Well, it's that time of year again. No, not Christmas time, though that is fast upon us. (Merry Christmas and a Happy New Year to all of you, by the way.)

No, I'm talking about the annual Great Alaska Beer and Barley Wine Festival, which takes place in Anchorage each January. This is more or less the premiere beer festival in Alaska and is a fantastic beer experience. Just about every brewery in Alaska is represented, along with many from the West Coast and across the country. Personally, I've had the great good fortune to attend in 2007 and 2008, and I'm looking forward to being there again next month.

This time around, the festival will take place on Friday, January 16th and Saturday, January 17th in the Egan Center in downtown Anchorage. There are three sessions, Friday evening at 5 pm, Saturday afternoon at 2 pm, & Saturday evening at 6 pm.

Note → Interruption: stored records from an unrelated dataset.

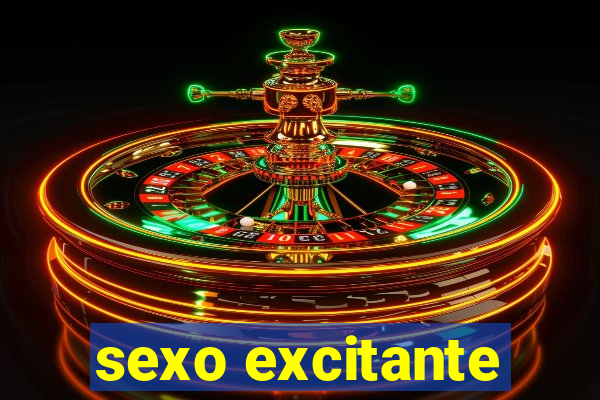 sexo excitante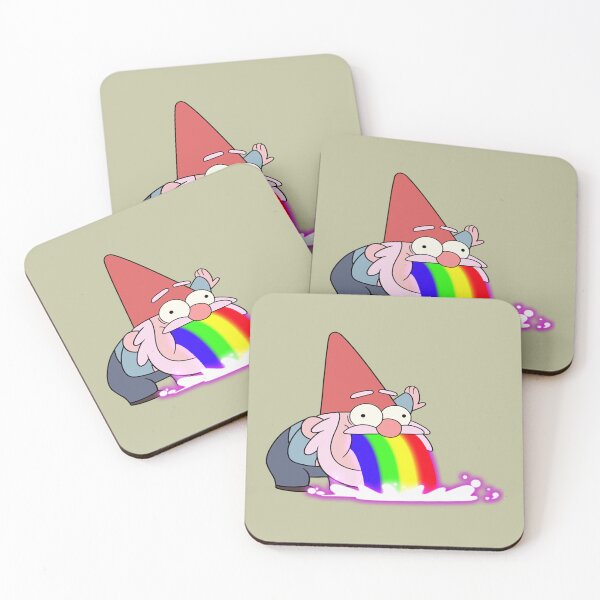 Item preview, Gravity Falls Gnome Steve designed and sold by AmaniPeltier.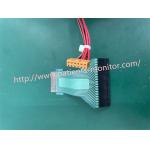 GE Mac1200ST electrocardiograph printer cable 43367157 MQI 38802910 is suitable for electrocardiograph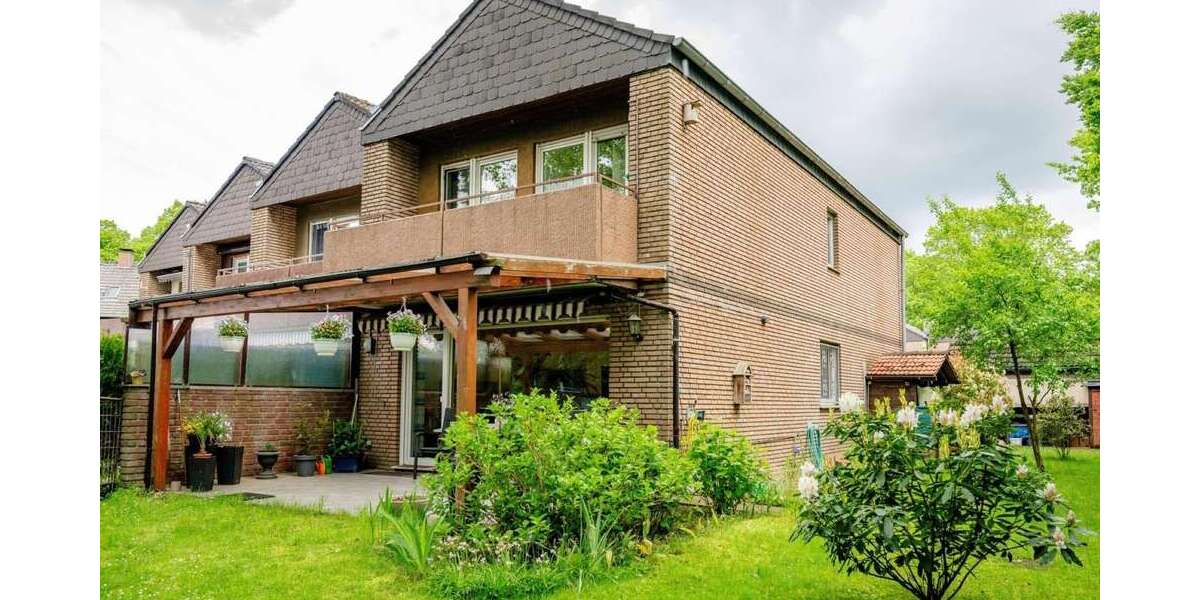 Einfamilienhaus Marl Sickingmühle Sickingmühle - 4 Zimmer, 113 m&sup2;, 359.000&euro; | Angebot:26901237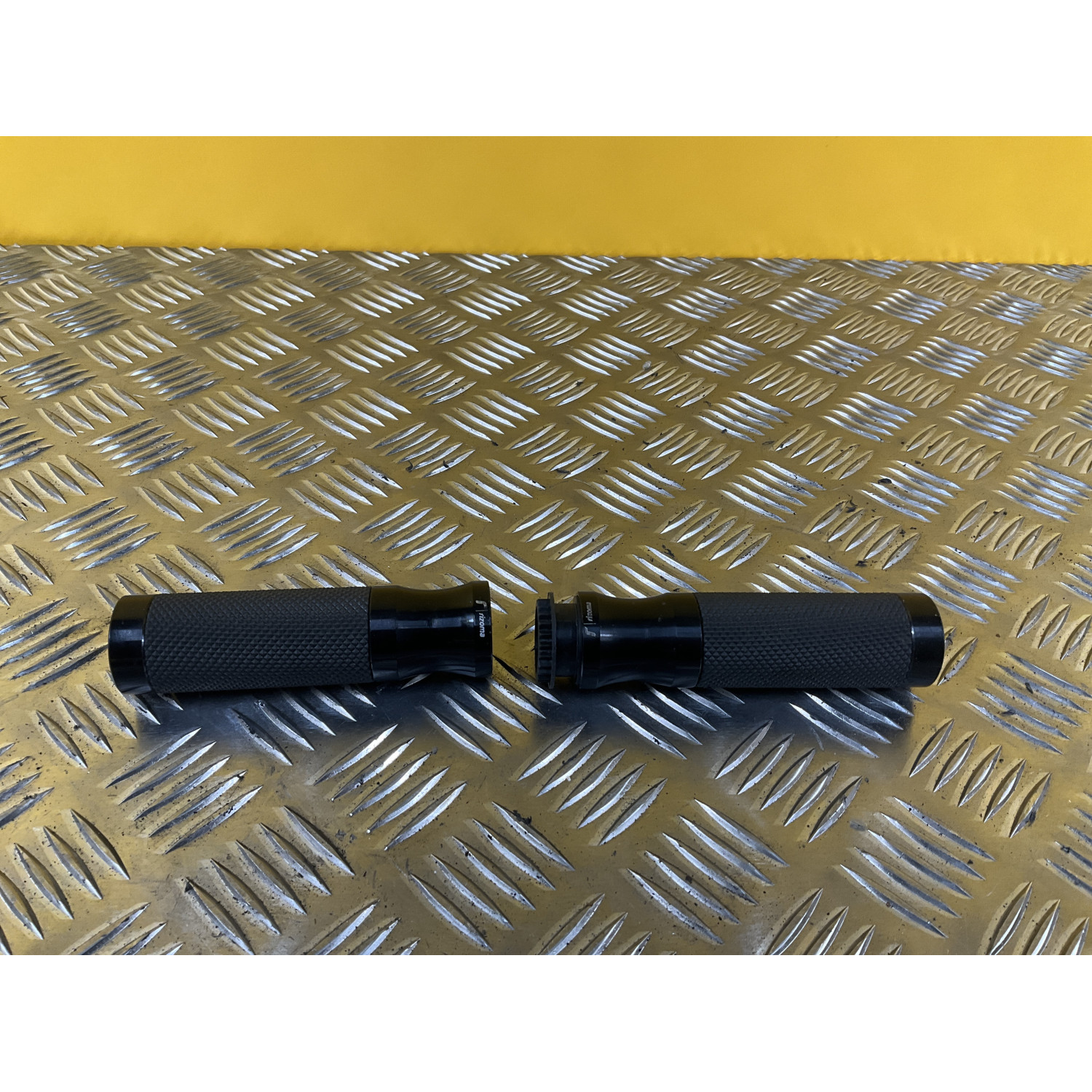 Poignée d'accélérateur pour YAMAHA R 1 2002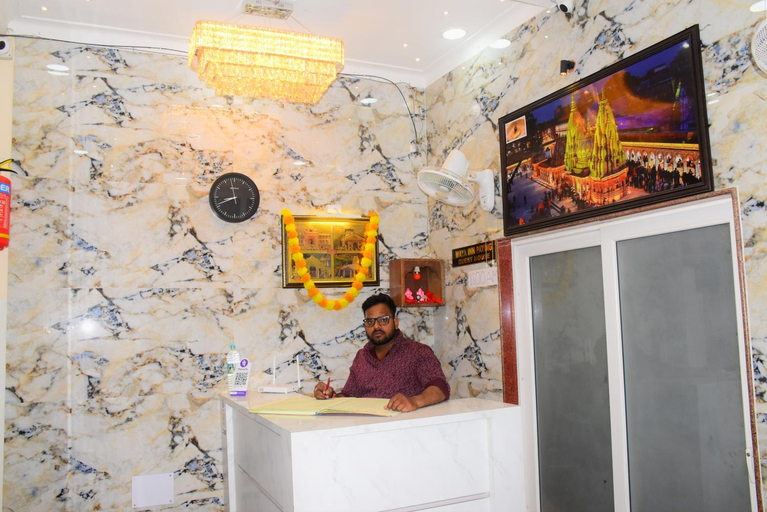 3, Maya inn Paying Guest House, Chandauli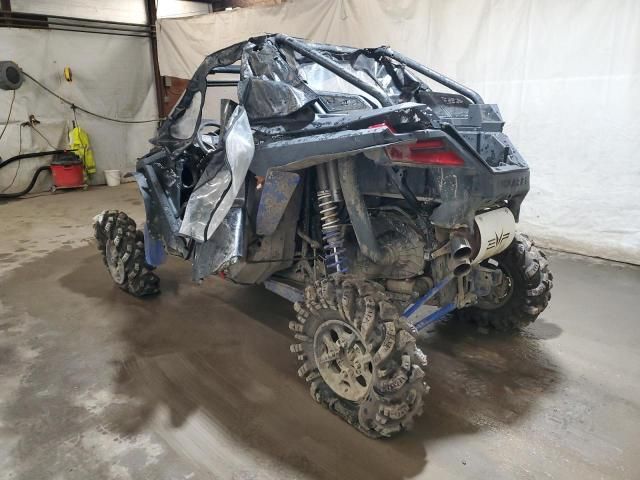 2020 Polaris RZR PRO XP Premium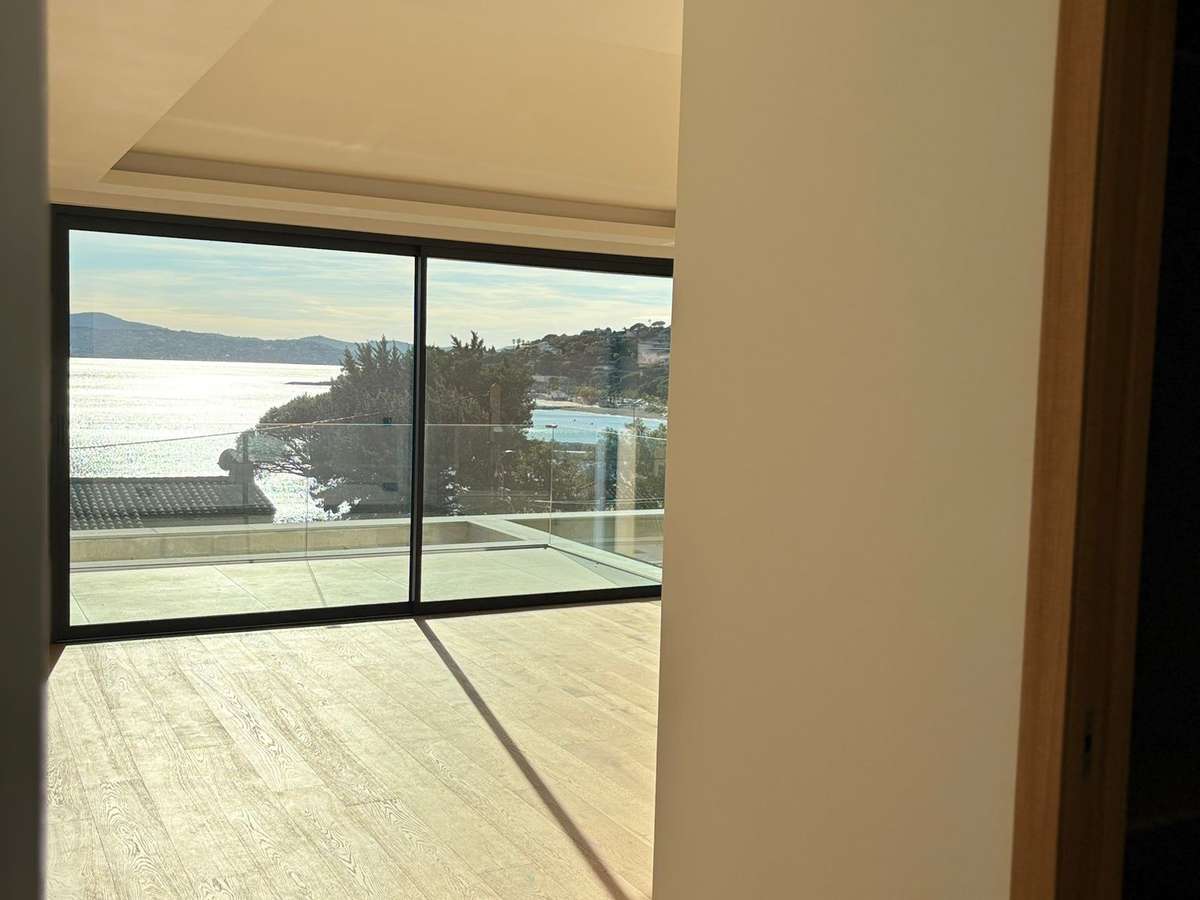 Villa Sainte-Maxime
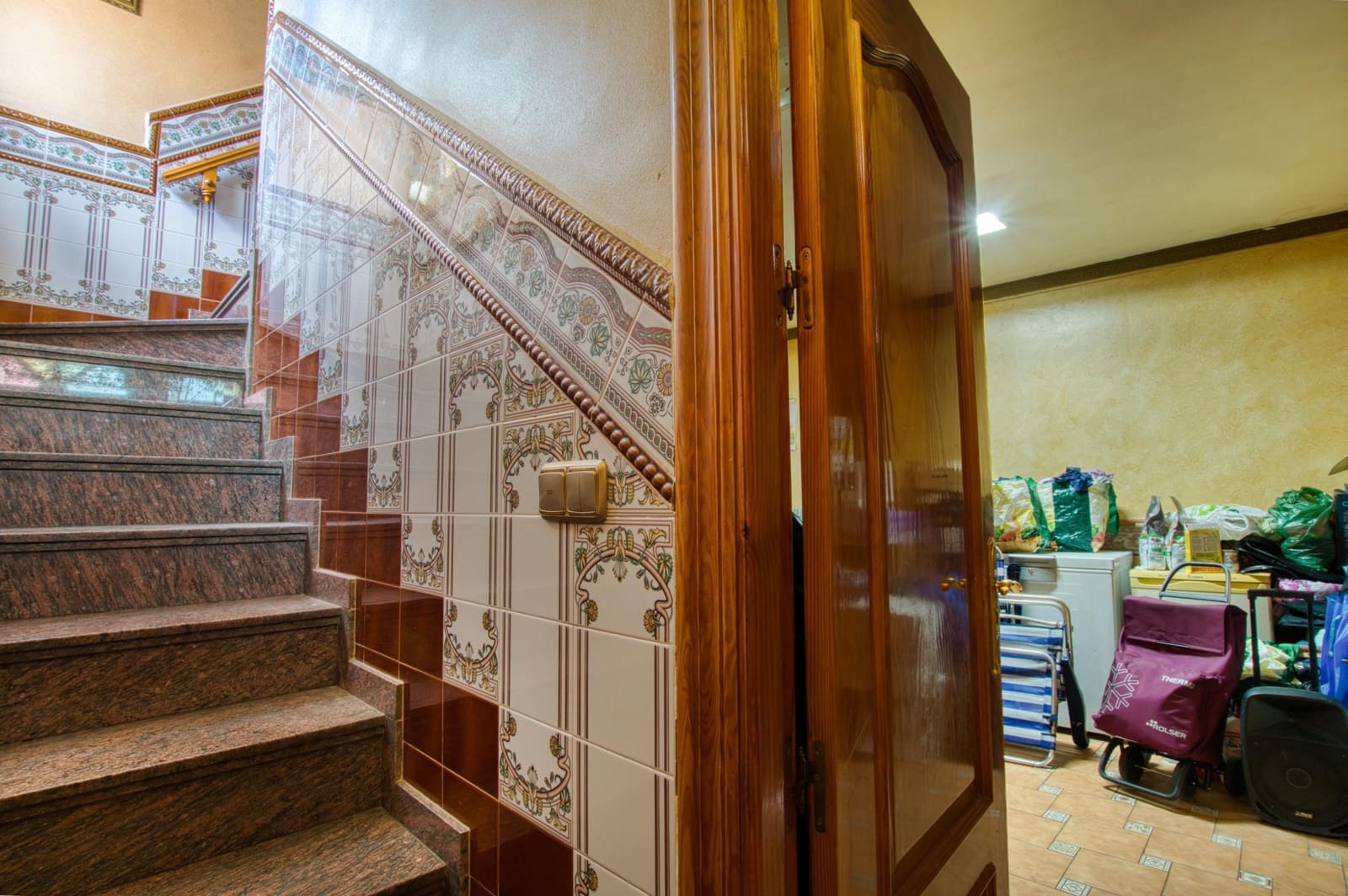 4 bedroom Villa for sale in Periana - € 270,000 (Ref: 9482152)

A ticket gets you a program, a commemorative tasting glass, and tickets for 30 beer samples. The tickets for the evening sessions go for $30, while the Saturday afternoon session is $40.

Why $40 for the Saturday afternoon session? Well, that session is billed as the Connoisseur Session. The brewers will be pouring special beers during that session, with the additional $10 going to benefit the Brewers Guild of Alaska. Having been to the Friday evening session in 2007 and the Connoisseur Session in 2008, take it from me that the later is well worth the extra ten bucks. The evening sessions seem to fill up rapidly to the capacity of the Egan, mostly with young adults looking to "drink their $30 worth". Not fun, if you're a serious beer fancier. The Saturday afternoon session is much less crowded and much more relaxed, with time to interact with the brewers. Not to mention the extra beers to sample...

Also, the Captain Cook Hotel and the Copper Whale Inn B&B (both within a couple of blocks of the Egan) will be offering special rates to festival goers. If you're interested in attending, check out the details at the Festival's website at http://www.auroraproductions.net/beer-barley.html. Hope to see you there!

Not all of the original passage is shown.